In conclusion, we have developed an AdvancedCaudeCocement AdvancedCodeagent Polyvalent capable of perfectly mixing generative reasoning with a precise calculation control. Basically, this agent is not content to write extracts from Python; It executes them on site and checks their accuracy in relation to your specified criteria, automatically closing the feedback loop. Whether you carry out first -rate analyzes, statistical data assessments, a comparative analysis of algorithm or ML work flows from start to finish, this model guarantees reliability and reproducibility.

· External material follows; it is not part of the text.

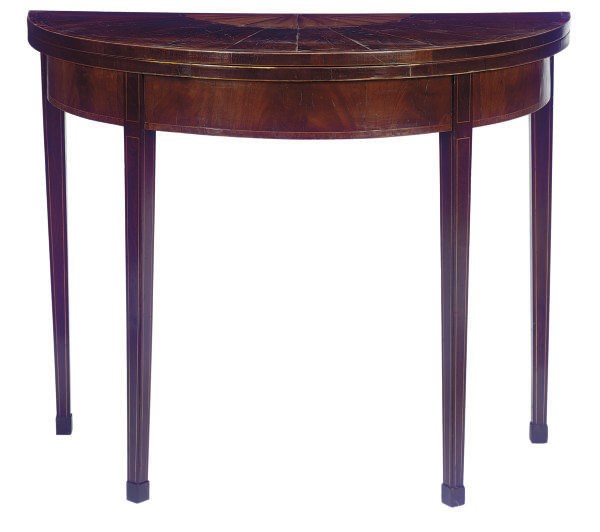 A GEORGE III INLAID MAHOGANY GAMES TABLE,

Discover the GitHub notebook. All the merit of this research goes to researchers in this project. Also, don't hesitate to follow us Twitter And don't forget to join our 95K + ML Subdreddit and subscribe to Our newsletter.


Asif Razzaq is the CEO of Marktechpost Media Inc .. as a visionary entrepreneur and engineer, AIF undertakes to exploit the potential of artificial intelligence for social good. His most recent company is the launch of an artificial intelligence media platform, Marktechpost, which stands out from its in-depth coverage of automatic learning and in-depth learning news which are both technically solid and easily understandable by a large audience. The platform has more than 2 million monthly views, illustrating its popularity with the public.

Leave a Comment

This site uses Akismet to reduce spam. Learn how your comment data is processed.